WHAT THE EXERCISE ASKS - Everything from the opening line of the listing below to the line that has "You can apply", inclusive, should be returned exactly, except the pictures.

DATASET RECORDS -
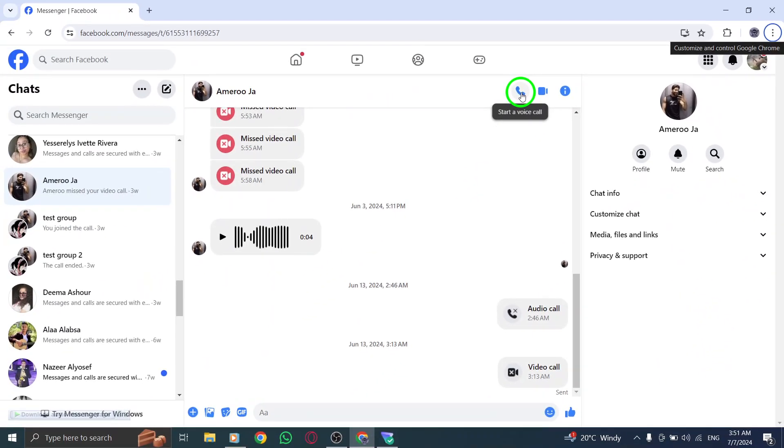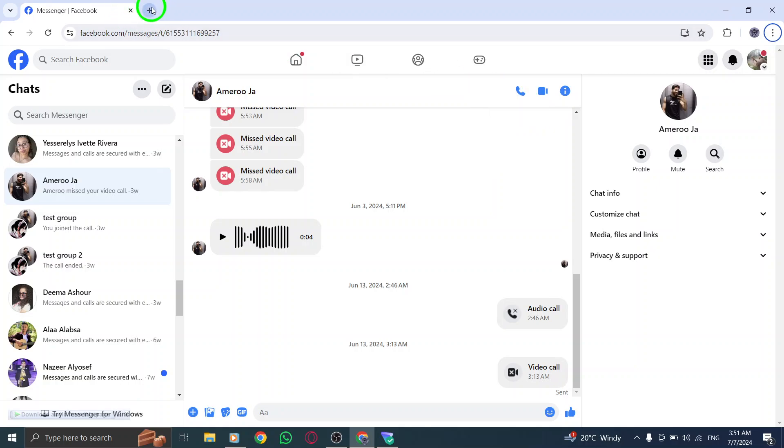You're now in a voice call with your friend or family member on Messenger. You can talk for as long as you like and enjoy a crystal clear voice connection.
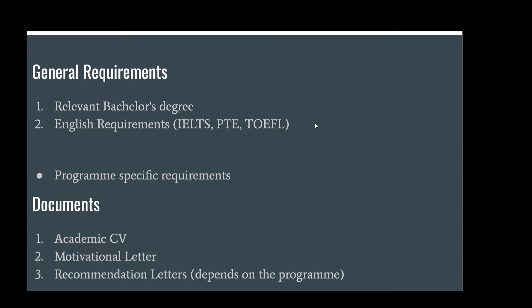You can apply with a bachelor's degree or a master's degree. There are also English language requirements to consider. Depending on the program, you will need to meet English requirements, which may include sitting an English exam.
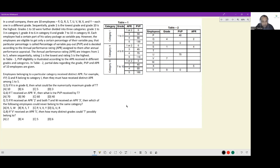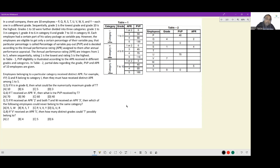APR is the annual performance rating; PVP is the percentage of variable payout. APR values are integers from 1 to 5, where rating 1 is the lowest and rating 5 is the highest. In Table 1, if you get an APR of 1 or 2 you get 0% payout; for 3 you get 50%; for 4 you get 90%; for 5 you get 130% — but that is only for category 1. The payouts differ for category 2 and category 3.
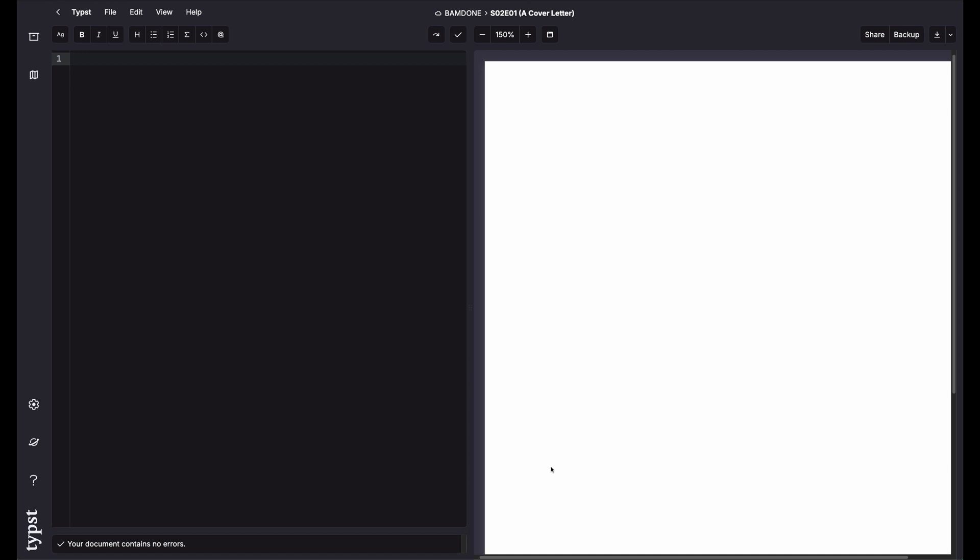Welcome. So today I'd like to kick off a new mini-series on the documents you need for the publication process using Typst. This is aimed at someone who's new to Typst but wants to generate these documents in their journey of publishing.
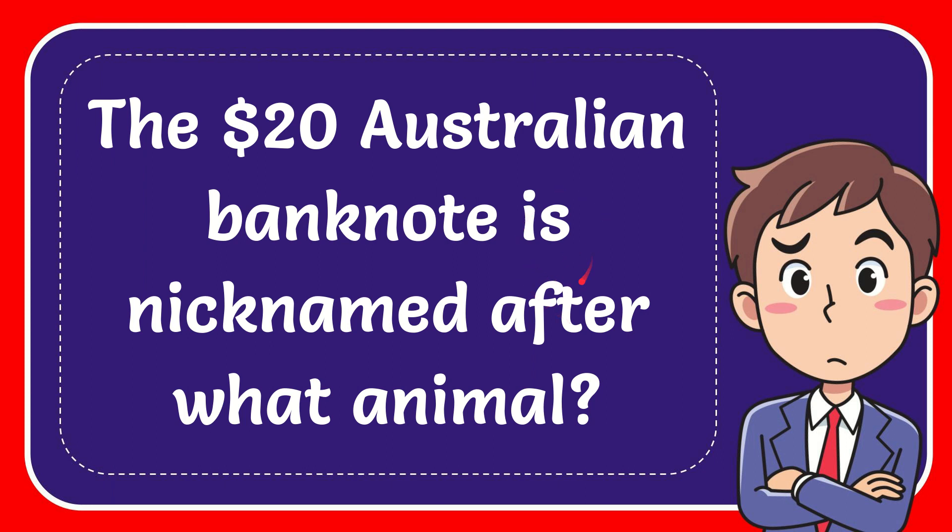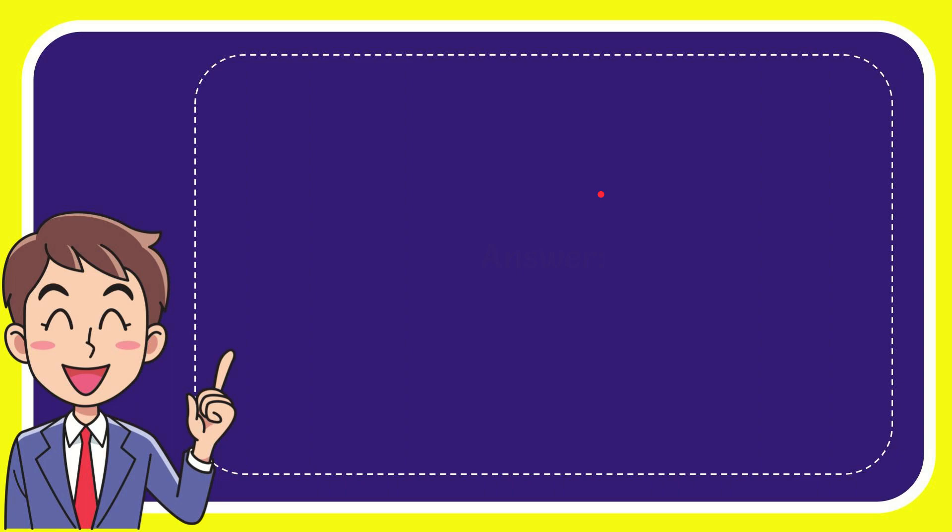In this video I'm going to give you the answer for this question. The question is: the $20 Australian banknote is nicknamed after what animal? When I give you the answer for this question, the correct answer for the question is lobster. Well, there is the answer for the question: lobster.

SOLUTION TO THE PROBLEM -
You're now in a voice call with your friend or family member on Messenger. You can talk for as long as you like and enjoy a crystal clear voice connection.
You can apply with a bachelor's degree or a master's degree. There are also English language requirements to consider. Depending on the program, you will need to meet English requirements, which may include sitting an English exam.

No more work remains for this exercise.